私はCDレターに一瞬だけ写り込んだ女性を凝視しました。首まで隠れる白の長袖ブラウスを着た女性はうつむいていているため、髪の毛が顔を覆い隠して表情は見えません。ただ、その静止画をじっと見つめているうちに、この女性の体が少しずつ震え始め、ゆっくりと顔を上げていきました。髪の毛の隙間から見えた彼女の口角は明らかに上がっていました。それと同時に聞こえるはずのない彼女の笑い声がしっかりと私の耳に届きました。まさに”貞子”の画像を見ているようでした。
私はここで目線をそらしました。このままこの静止画を凝視していれば、彼女と目を合わせることになります。その瞬間に私はこの女性と霊的に同調します。それが私にとって大きなリスクを受けることが明確だからです。
私はこのわずかな時間ですべての状況を悟りました。この女性は新郎や亡くなった友人の知り合いです。新郎に同年代の知り合いの中で亡くなった女性がいるかどうか尋ねれば、この不浄霊の正体はすぐにわかるはずです。ただ、私がそれをしてしまうと、新郎はこの女性のことを強く意識するようになります。その結果、この不浄霊ともっと強くつながるようになり、悪くすると亡くなった友人のように命を落としてしまう危険もあるのです。この女性の霊は新郎と亡くなった友人のことを強く恨んで死んでいます。その原因が何なのか、それをここで述べることは控えますが、その理由も分かりました。少なくともこの女性の霊は強い恨みの念を抱いているがゆえに、その重さであの世へ上がることは出来ません。本人も現世に執着してまだ生きている新郎をじわじわと苦しめていくつもりでいます。

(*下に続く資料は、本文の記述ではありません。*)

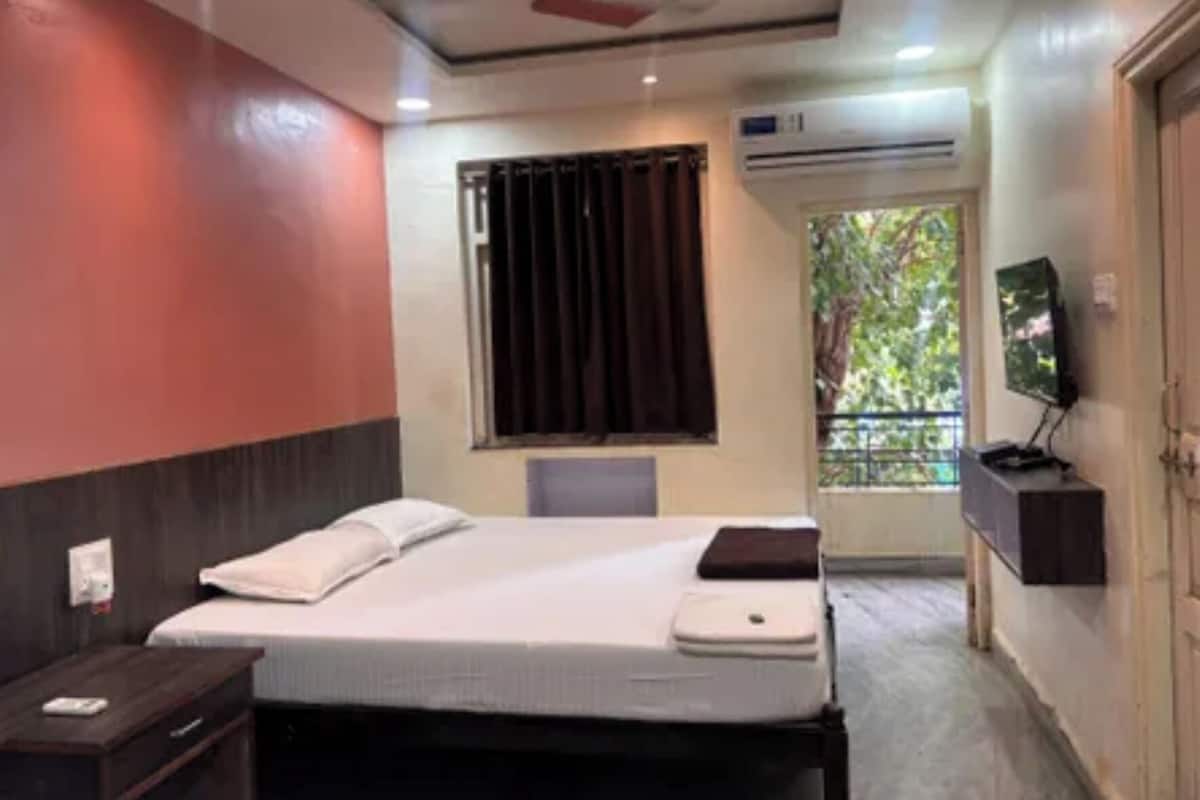 Deluxe Room | Egyptian cotton sheets, premium bedding, in-room safe, desk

そう考えると友人の事故は酔って車道を歩いて車にはねられたわけではありません。霊の影響はボーっとしている時に強く出ます。目をしっかりと見開いて覚醒している状態では多少なりとも霊の影響をブロックしているのです。お酒に酔って酩酊している状態は、私から見れば霊的なものに対してまったくの無防備で、強く影響を受ける状態なのです。友人の死がわざわざ披露宴の帰り道で起こったことも、トラックが近づいてくるタイミングで、酔って車道にはみ出したことも、これらは偶然ではなく、すべてこの女性の霊によって意図して引き起こされたことだったのです。
日本人形の髪の毛が人の思いによって伸びたり、目から涙を流すことがあるように、人の思いは物に入り込みます。このCDにはこの女性の強い恨みの念がこもっています。私はこのCDを相談者から受け取り、すぐにお焚き上げをしました。物に込められた思い(=念)は燃やして煙にする中で天へ上り霧散します。
そして、この女性の霊が一日も早く恨みや憎しみから解放されて成仏できるように供養のためのお経を上げて祈りました。そして新郎には、この女性の霊から身を守るためのパワーストーンとお札を渡すように相談者へ頼んだのでした。